Does LiDAR trigger the car's rain sensor to turn on? This article will reveal the secret.
A San Francisco netizen recently said online, "I live next to a parking lot used for autonomous driving tests. I recently realized that when I get close to a car using lidar, it triggers my rain sensor and the wipers start running. It happened several times before, and I only recently linked it to the lidar. This seems to be an unexpected bug. Does anyone know about this?"
Everyone who studies autonomous driving is familiar with LiDAR. The basic principle is that the pulsed laser emitted by the laser is incident from the air to the ground, hitting trees, roads, and cars, causing scattering. Part of the light wave will be reflected back to the LiDAR receiver, and the distance to the target is calculated based on the time difference of the pulse signal recorded by the timer, forming a perception of the surrounding world.
Can it affect the rain sensor? Let's take a look at the principle of the rain sensor.
The rain sensor is mainly used to detect whether it is raining and the amount of rain. When the car is driving in bad weather such as rain or snow, the rain sensor reports to the domain controller, which drives the wipers, lights, and windows to complete the rain warning action. In theory, this is an ADAS function.
To ensure that the driver has a good view on rainy days, when the sensor detects that rain has fallen on the windshield, it will issue a command to the wipers to start working, and the rain on the front windshield of the car will be cleared. The intelligent control system detects and analyzes the wiper frequency, improves the driver's visual effect, ensures unobstructed vision, and ensures driving safety.
Common rain sensors include flow type rain sensors, electrostatic type rain sensors, piezoelectric type rain sensors, and infrared type raindrop sensors. Of course, there are also special ones, such as Tesla's use of image vision to determine whether it is raining.

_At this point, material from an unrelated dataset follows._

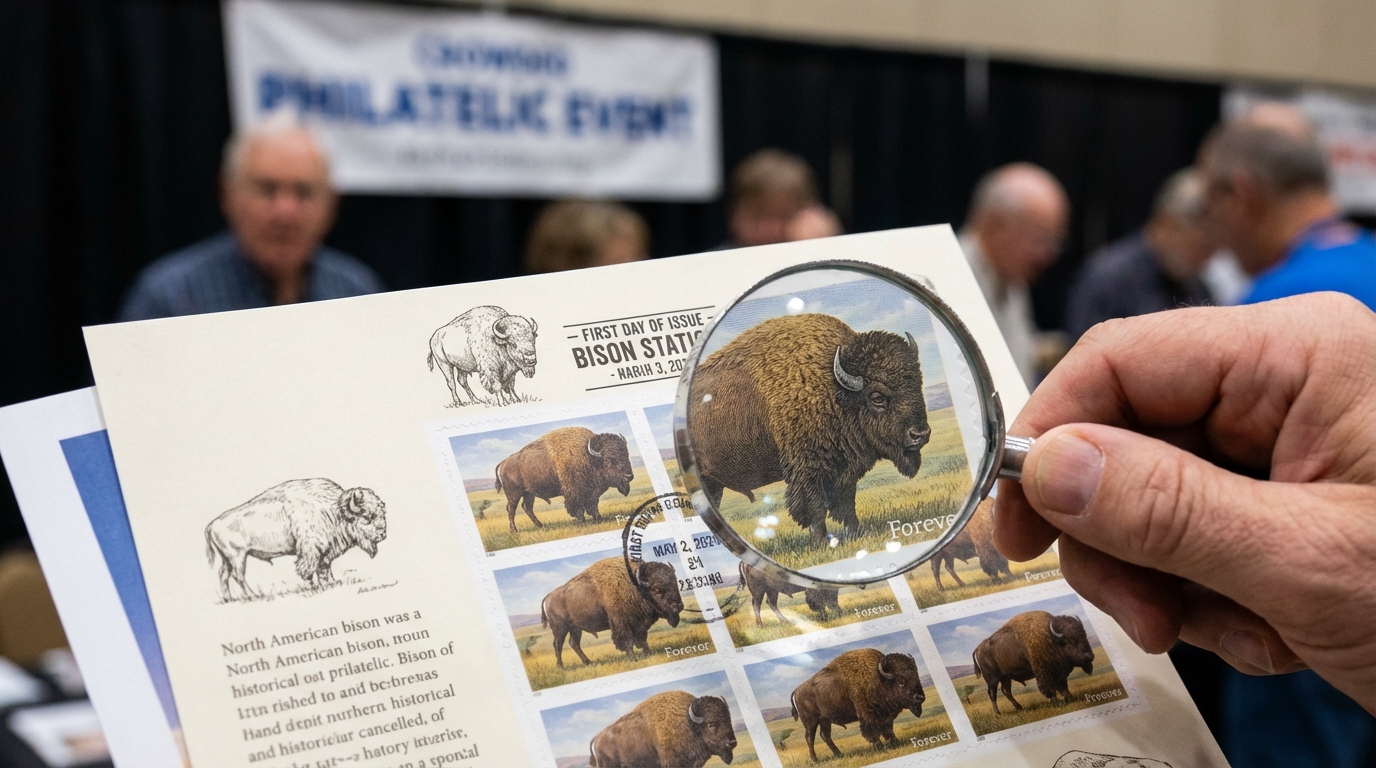 Sheet of bison stamps with magnifying glass and tweezers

Among them, flow-type, electrostatic, and piezoelectric rain sensors are all strongly correlated with the physical properties of water droplets and are less likely to be affected by laser pulses. According to the description of netizens, if there is an impact, it is speculated that it may be an infrared raindrop sensor.

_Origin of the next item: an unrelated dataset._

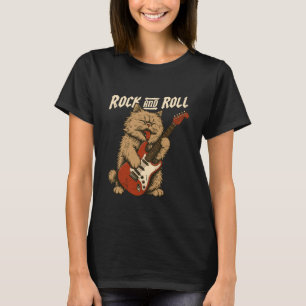 Katten die Coole Gitaar Spelen Grappige Rock Vage T-shirt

This sensor relies on the light emitted by the light emitting diode to be adjusted by the lens system and then irradiated onto the windshield in a parallel light state; when the glass is dry, the light will be totally reflected and received by the receiving device in a parallel light state through the lens system, with a maximum output of 100%; when there is rain or raindrops on the glass, the light will not be totally reflected due to the change in refractive index, but will be partially reflected depending on the size of the water droplet area. At this time, the receiving tube only receives part of the signal, and the amount of rainfall can be calculated according to the percentage ratio.
The sensor is affected by background light, the photoelectric conversion signal is weak, and the signal is easily submerged by noise. When it comes into contact with a working lidar, there is a certain probability that signal noise will be generated to the sensor, causing it to produce an erroneous response.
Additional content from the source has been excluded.